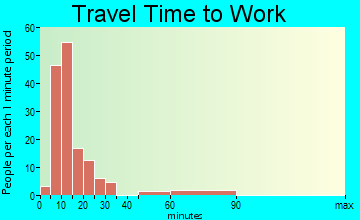New Boston travel time to work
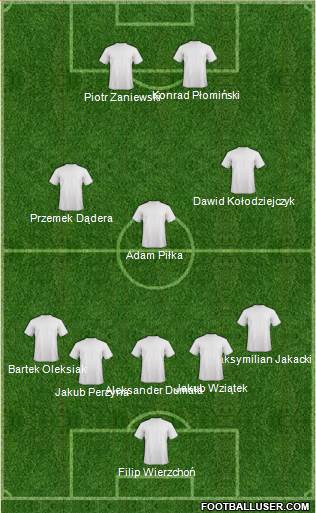 Euro 2016 Team 3-5-2 football formation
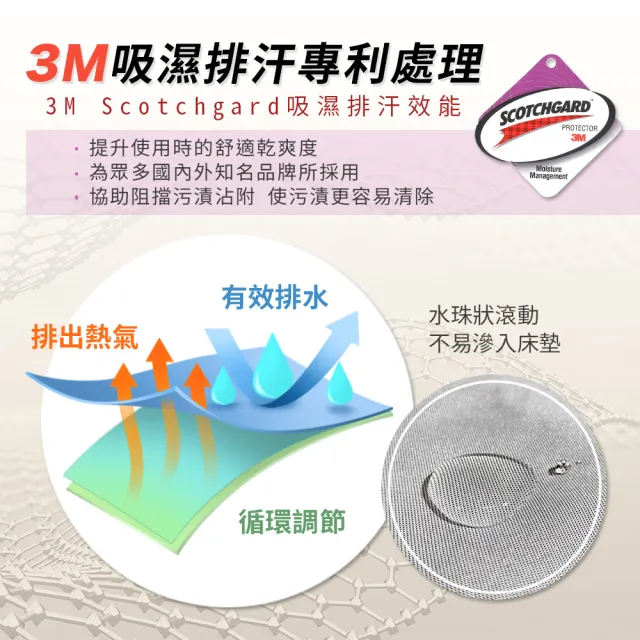 【Sleep Peacefully 寢室安居】買1送1 台灣製 黑科技石墨烯100防水保潔墊(全尺寸均一價 多色任選)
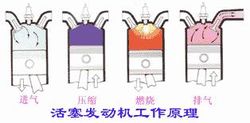 เครื่องยนต์ลูกสูบ
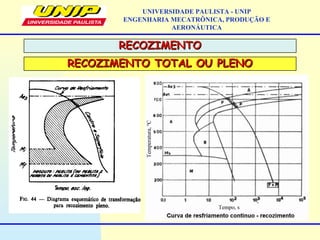 UNIVERSIDADE PAULISTA - UNIP
ENGENHARIA MECATRÔNICA, PRODUÇÃO E
AERONÁUTICA
RECOZIMENTORECOZIMENTO
RECOZIMENTO TOTAL OU PLENORECOZIMENTO TOTAL OU PLENO
 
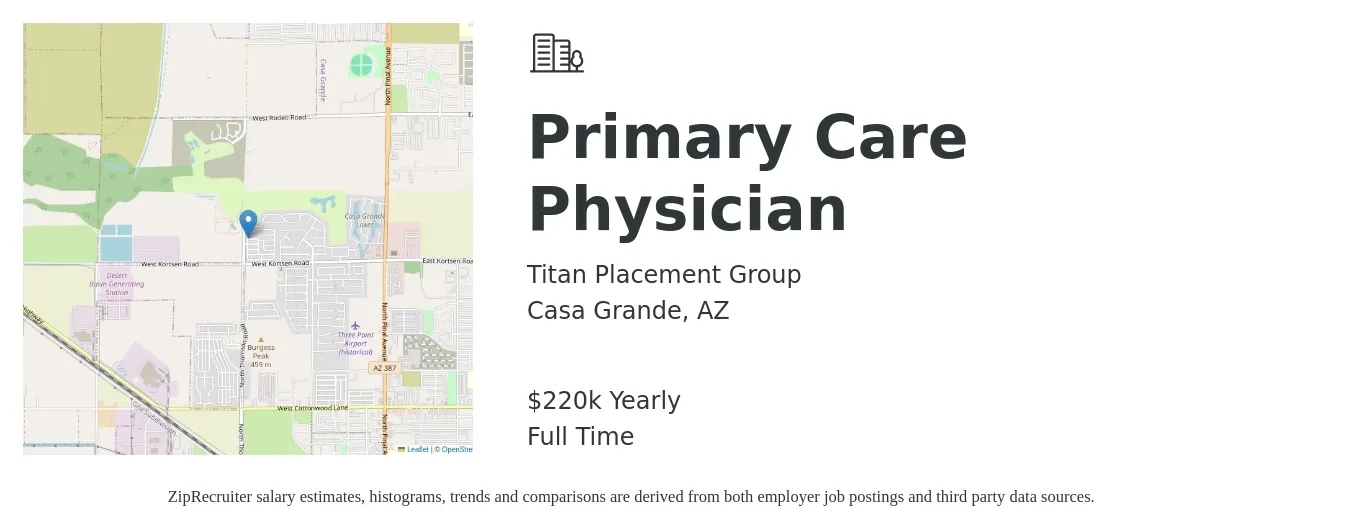 Titan Placement Group job posting for a Primary Care Physician in Casa Grande, AZ with a salary of $220,000 Yearly with a map of Casa Grande location.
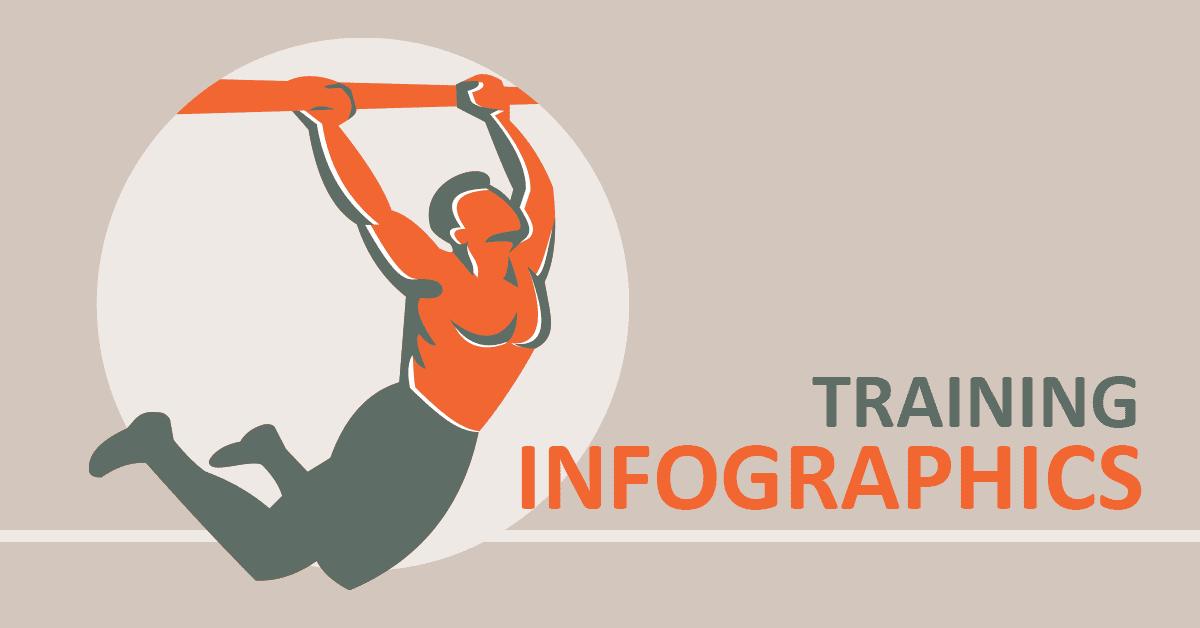 10 Best CrossFit and Fitness Infographics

> Assignment
Except for the pictures, print the data above exactly.

> Exercise result
New Boston travel time to work
 Euro 2016 Team 3-5-2 football formation
 【Sleep Peacefully 寢室安居】買1送1 台灣製 黑科技石墨烯100防水保潔墊(全尺寸均一價 多色任選)
 เครื่องยนต์ลูกสูบ
 UNIVERSIDADE PAULISTA - UNIP
ENGENHARIA MECATRÔNICA, PRODUÇÃO E
AERONÁUTICA
RECOZIMENTORECOZIMENTO
RECOZIMENTO TOTAL OU PLENORECOZIMENTO TOTAL OU PLENO
 
 Titan Placement Group job posting for a Primary Care Physician in Casa Grande, AZ with a salary of $220,000 Yearly with a map of Casa Grande location.
 10 Best CrossFit and Fitness Infographics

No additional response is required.